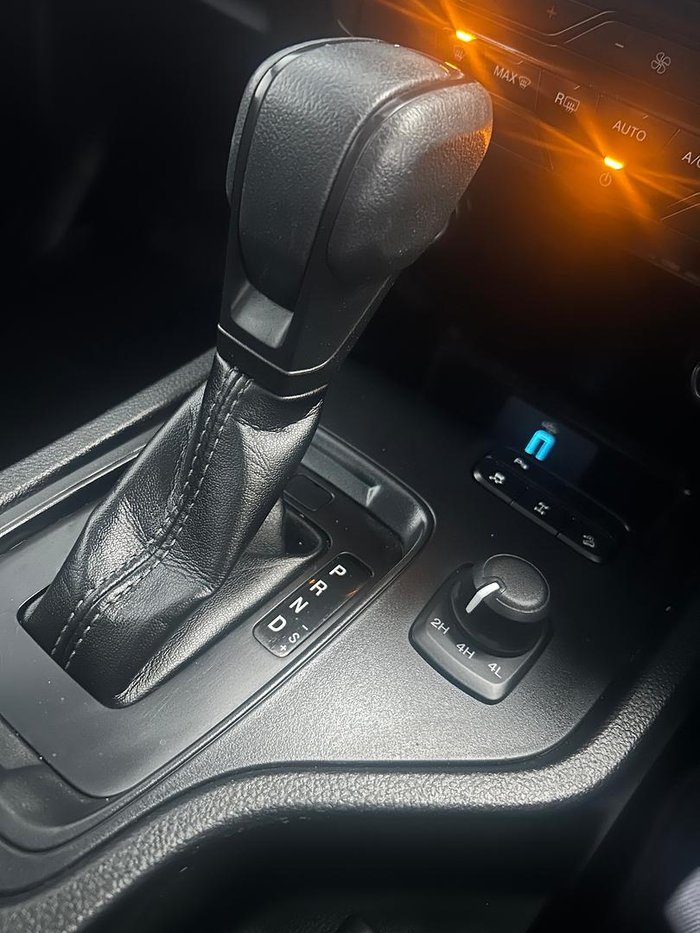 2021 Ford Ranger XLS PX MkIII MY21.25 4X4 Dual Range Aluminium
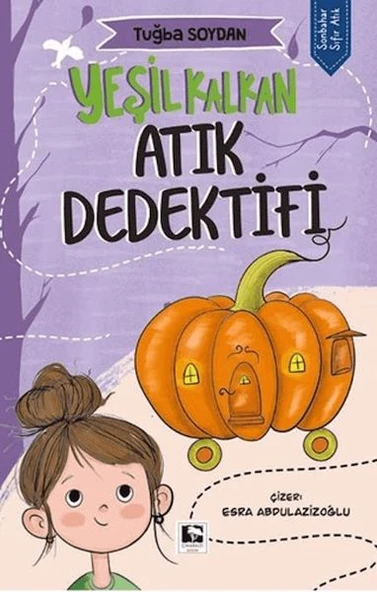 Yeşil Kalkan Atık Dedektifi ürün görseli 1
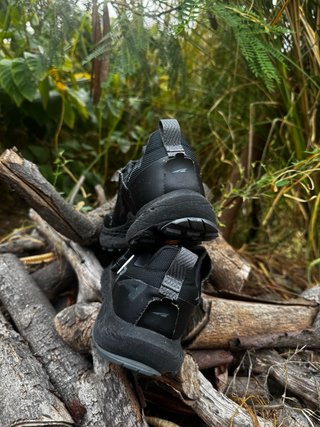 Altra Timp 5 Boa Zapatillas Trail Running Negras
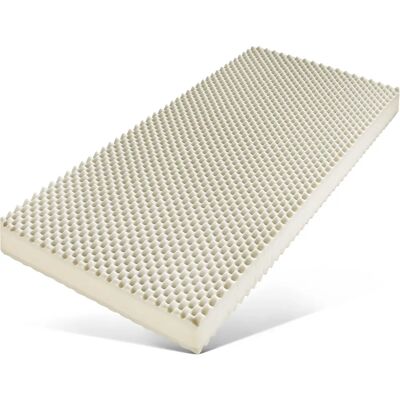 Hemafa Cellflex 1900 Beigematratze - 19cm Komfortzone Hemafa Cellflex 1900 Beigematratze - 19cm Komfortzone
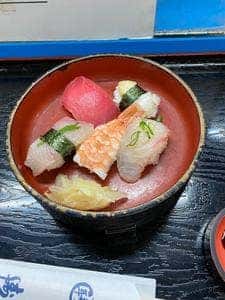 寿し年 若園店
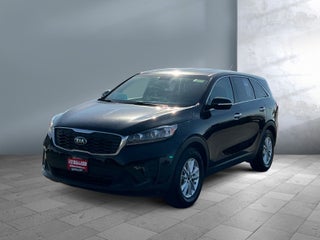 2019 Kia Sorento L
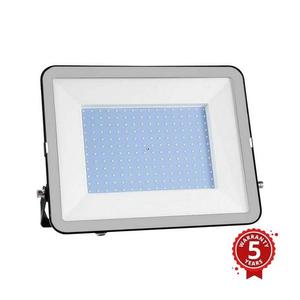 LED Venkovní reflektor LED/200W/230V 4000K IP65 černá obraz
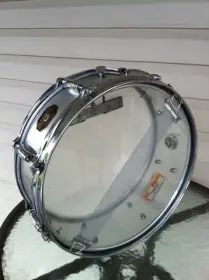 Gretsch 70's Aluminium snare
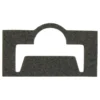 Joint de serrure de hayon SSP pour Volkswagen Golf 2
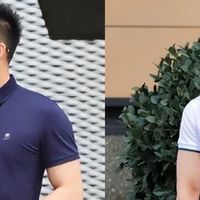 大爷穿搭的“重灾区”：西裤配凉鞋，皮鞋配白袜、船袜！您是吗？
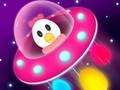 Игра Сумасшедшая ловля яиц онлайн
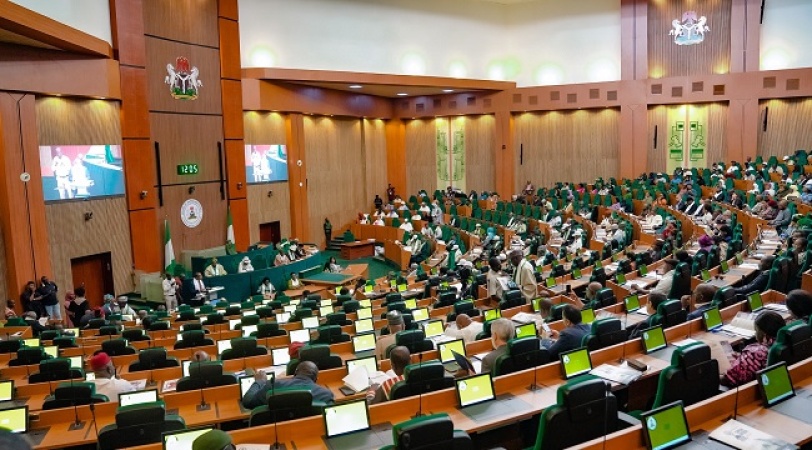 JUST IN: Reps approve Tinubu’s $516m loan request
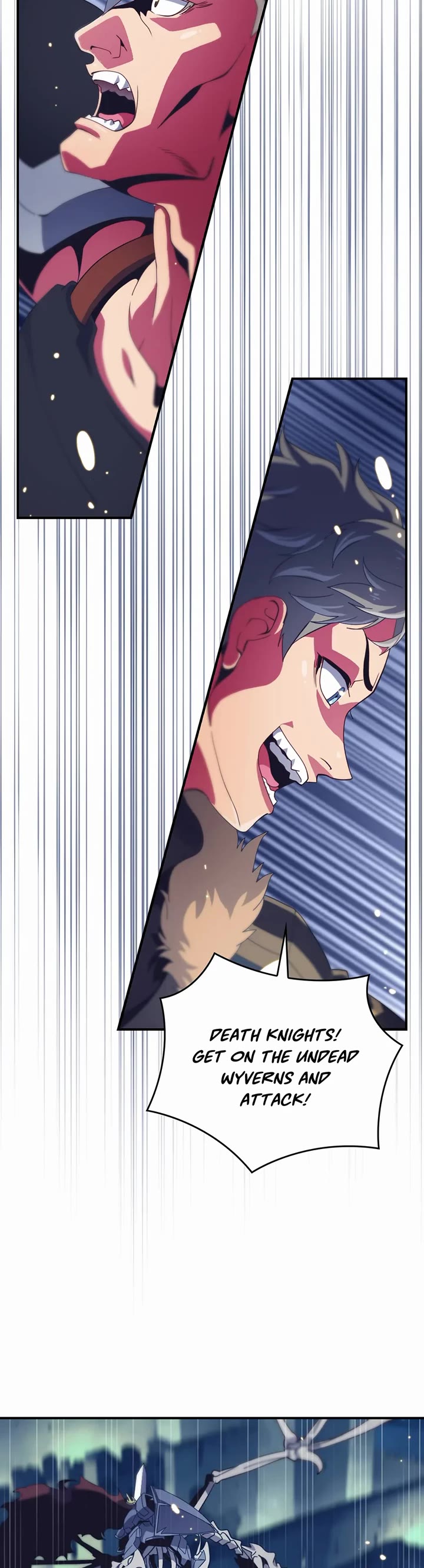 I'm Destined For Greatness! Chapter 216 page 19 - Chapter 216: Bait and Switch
...
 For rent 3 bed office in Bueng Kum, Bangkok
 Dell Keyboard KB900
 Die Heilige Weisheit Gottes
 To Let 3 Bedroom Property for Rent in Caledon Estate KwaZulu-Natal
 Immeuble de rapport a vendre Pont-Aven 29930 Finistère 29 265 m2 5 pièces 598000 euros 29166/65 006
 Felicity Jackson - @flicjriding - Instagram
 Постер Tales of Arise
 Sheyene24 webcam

- WORK ORDER:
Print exactly the lines above that run from the one with "2021 Ford Ranger" down to the one with "I'm Destined For", and omit the pictures.

- RESPONSE AREA:
 2021 Ford Ranger XLS PX MkIII MY21.25 4X4 Dual Range Aluminium
 Yeşil Kalkan Atık Dedektifi ürün görseli 1
 Altra Timp 5 Boa Zapatillas Trail Running Negras
 Hemafa Cellflex 1900 Beigematratze - 19cm Komfortzone Hemafa Cellflex 1900 Beigematratze - 19cm Komfortzone
 寿し年 若園店
 2019 Kia Sorento L
 LED Venkovní reflektor LED/200W/230V 4000K IP65 černá obraz
 Gretsch 70's Aluminium snare
 Joint de serrure de hayon SSP pour Volkswagen Golf 2
 大爷穿搭的“重灾区”：西裤配凉鞋，皮鞋配白袜、船袜！您是吗？
 Игра Сумасшедшая ловля яиц онлайн
 JUST IN: Reps approve Tinubu’s $516m loan request
 I'm Destined For Greatness! Chapter 216 page 19 - Chapter 216: Bait and Switch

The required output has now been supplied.